April 8, 2016
Philip B. Stark, Associate Dean for the Division of Mathematical and Physical Sciences, Discusses How Student Teaching Evaluations are Biased Against Female Instructors
BERKELEY, CA, April 8, 2016 – Student evaluations of teaching (SET) are widely used in academic personnel decisions as a measure of teaching effectiveness.  On April 11th at Berkeley, Philip B. Stark, will present  findings from joint work, with graduate student Kellie Ottoboni  and research fellow Anne Boring of OFCE-Sciences Po, that indicate student evaluations of teaching (SET) are biased against female instructors by an amount that is large and statistically significant.  Gender biases can be large enough to cause more-effective instructors to get lower SET than less-effective instructors.  Stark will argue that relying on SET in employment decisions can work against women’s career advancement in academia.
The study consisted of in-depth statistical analysis of two studies from U.S. and French universities and revealed that SET are more sensitive to students’ gender bias and grade expectations than they are to teaching effectiveness.  In the French data, male students tend to rate male instructors higher than they rate female instructors, and in the U.S. data, female students tend to rate (perceived) male instructors higher than they rate female instructors. 
The findings are based on two datasets, 23001 SET of 379 instructors by 4,423 students in six mandatory first-year courses in a five-year natural experiment at a French university, and 43 SET for four sections of an online course in a randomized, controlled, blind experiment at a U.S. university. 
In his talk, Stark will contend that the bias varies by discipline and by student gender, among other things (class size, level, format, physical characteristics of the classroom, and instructor ethnicity) and it is not possible to adjust for the bias, because it depends on so many factors.  
“SET appear to measure student satisfaction and grade expectations more than they measure instructor effectiveness. While student satisfaction may contribute to teaching effectiveness, it is not itself teaching effectiveness.  Students may be satisfied or dissatisfied with courses for reasons unrelated to learning outcomes and not in the instructor’s control (e.g., the instructor’s gender.)”

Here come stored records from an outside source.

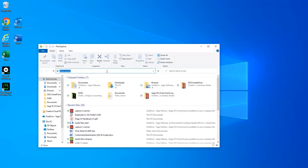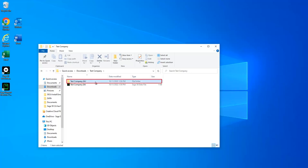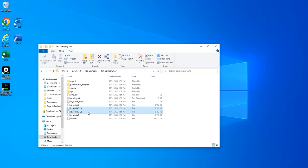To start, browse to your company's data location. Find the SAJ folder for the company you're converting and open it. Select any files that end with a number in parentheses, such as (1) or (2). You can select multiple files by holding down the Ctrl key on your keyboard and left-clicking on each file you wish to select.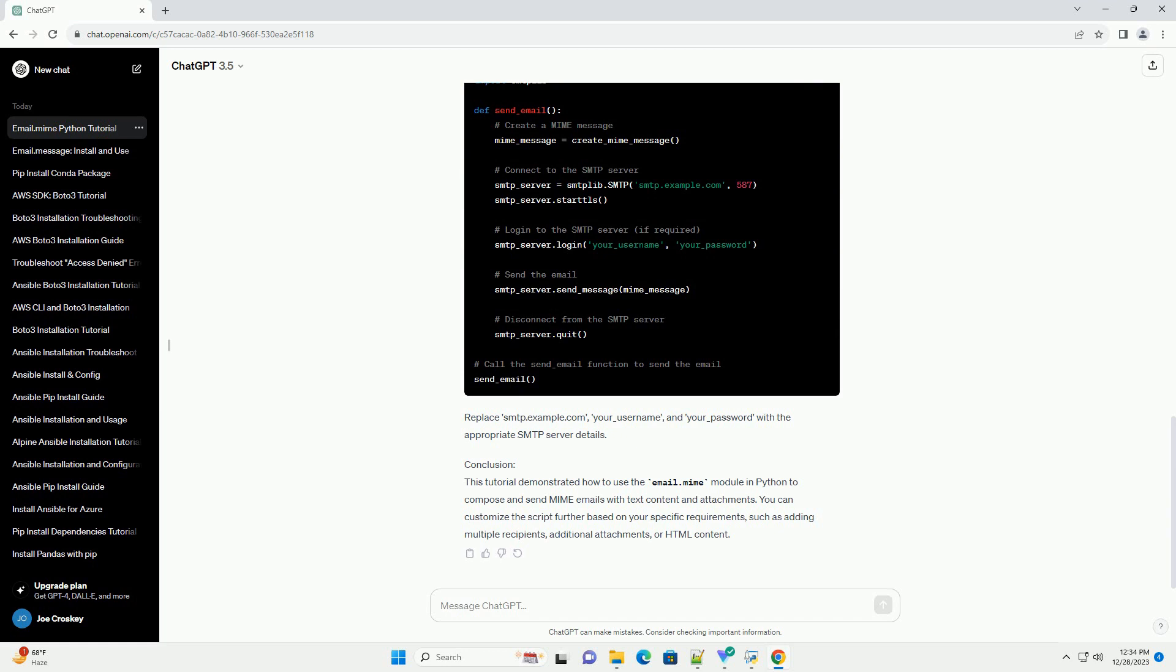Step 2: Create a Python Script. Open your favorite text editor or integrated development environment (IDE) and create a new Python script. Save the file with a meaningful name, such as MIME_email_example.py.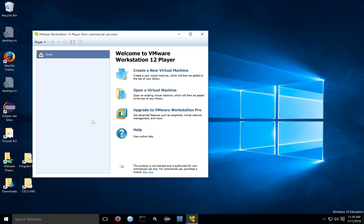If you're using the professional version or other licensed version, you won't get the ads as often. But you'll still see ads even in those products if VMware releases a new major version — for example, if they go from version 12 to 13, you'll see an announcement in any of the product lines. At this point, you're ready to go ahead and can either create virtual machines or install virtual machines that you've already downloaded.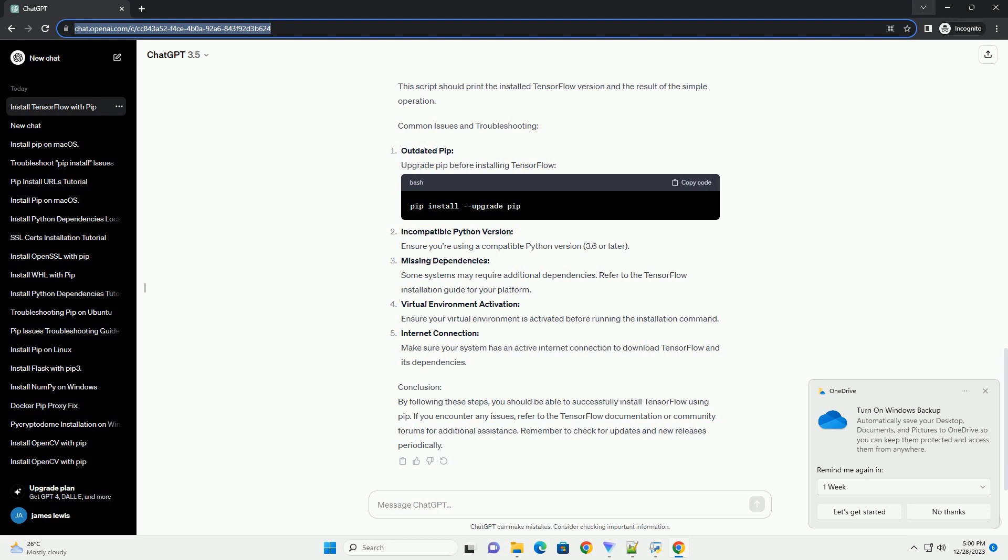Common issues and troubleshooting. Outdated PIP: Upgrade PIP before installing TensorFlow.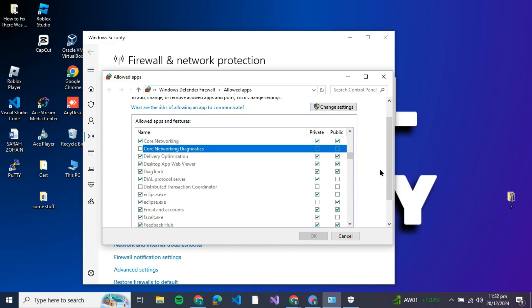facing the network connectivity error. So make sure that both of these checkboxes are checked. Just click on both of them, and once you click on both of them, you can change the settings.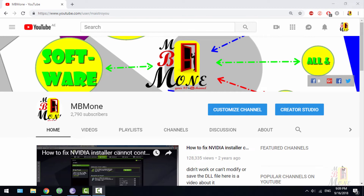Hello everyone and welcome to MBM1 YouTube channel. In today's video you're gonna learn how you can create your own Instagram video using Sony Vegas Pro. You're gonna learn how to create the video with the right resolution, the best quality, and how to upload it to your Instagram account. Please don't forget to subscribe, click the like button, feel free to ask any question, and click the notification bell. Let's start our tutorial.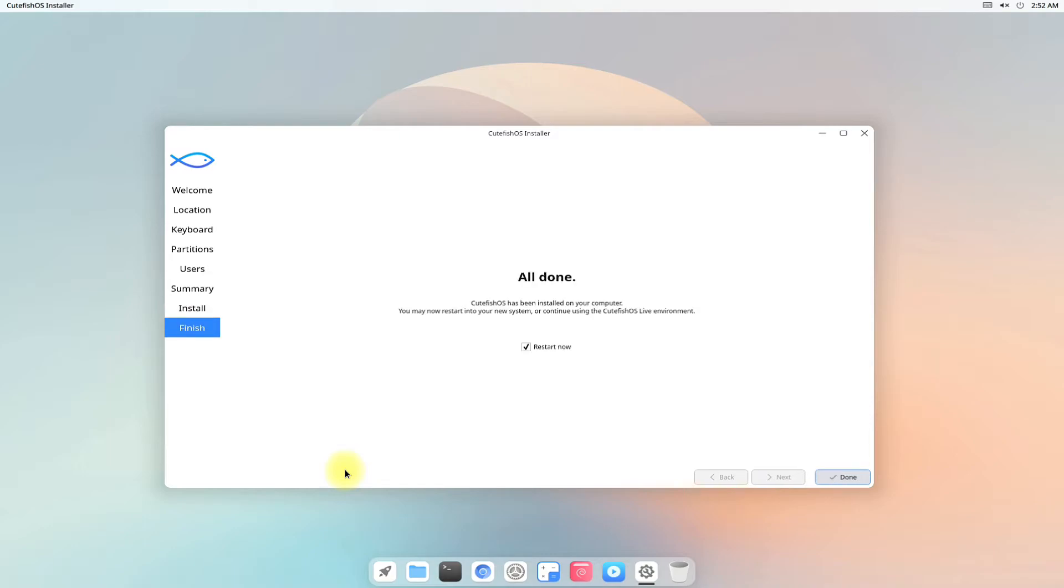It's done. You can now restart your PC as your installation is all done. Let's do it.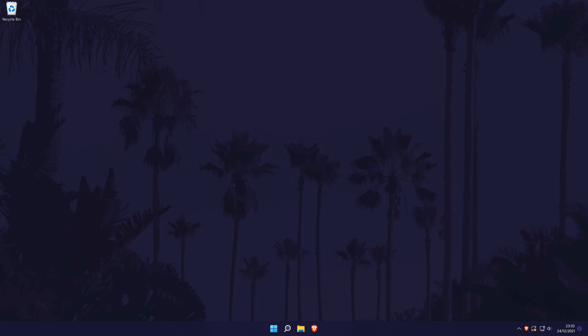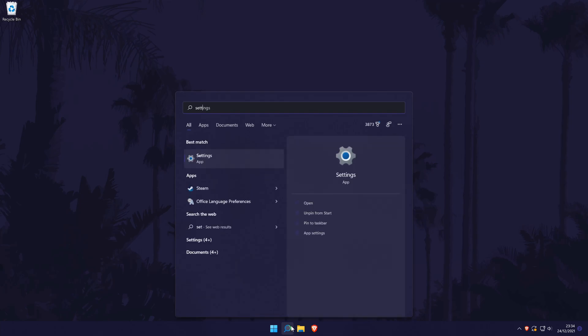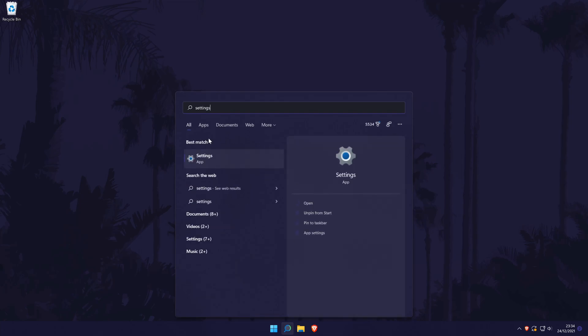To forget a WiFi network in Windows 11, first head to the main settings page. You can get there a number of ways but we'll be searching for it in the search bar.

Stark notes, SET could be replaced with peer evaluation or a faculty review of materials that instructors use in their classes, such as syllabi and handouts. 
In their paper published in ScienceOpen in January 2016, authors Stark, Boring, and Ottoboni conclude that:
In the US, SET have two primary uses: instructional improvement and personnel 
decisions, including hiring, firing, and promoting instructors.  We recommend caution 
in the first use, and discontinuing the second use, given the strong student biases that 
influence SET. 
Overall, SET disadvantages female instructors.  There is no evidence that this is the 
exception rather than the rule.  Hence, the onus should be on universities that rely on 
SET for employment decisions to provide convincing affirmative evidence that such 
reliance does not have disparate impact on women, underrepresented minorities, 
or other protected groups.  Absent such specific evidence, SET should not be used for
personnel decisions. 
Carol Christ, Director at Center for Studies in Higher Education, will moderate the discussion. 
Sponsored by: The Center for Studies in Higher Education, UC Berkeley and the Social Science Matrix, UC Berkeley, on the 8th Floor Barrows Hall, Monday, April 11th from 4:00pm-5:30pm. Reception to follow.  
Philip B. Stark is the Associate Dean for the Division of Mathematical and Physical Sciences at UC Berkeley. Stark's research centers on inference (inverse) problems, especially confidence procedures tailored for specific goals. Applications include the Big Bang, causal inference, the U.S. census, climate modeling, earthquake prediction, election auditing, food web models, the geomagnetic field, geriatric hearing loss, information retrieval, Internet content filters, nonparametrics (confidence sets for function and probability density estimates with constraints), risk assessment, the seismic structure of the Sun and Earth, spectroscopy, spectrum estimation, and uncertainty quantification for computational models of complex systems. In 2015, he received the Leamer-Rosenthal Prize for Transparency in Social Science award.  Stark was former Department Chair of Statistics and Director of the Statistical Computing Facility at UC Berkeley.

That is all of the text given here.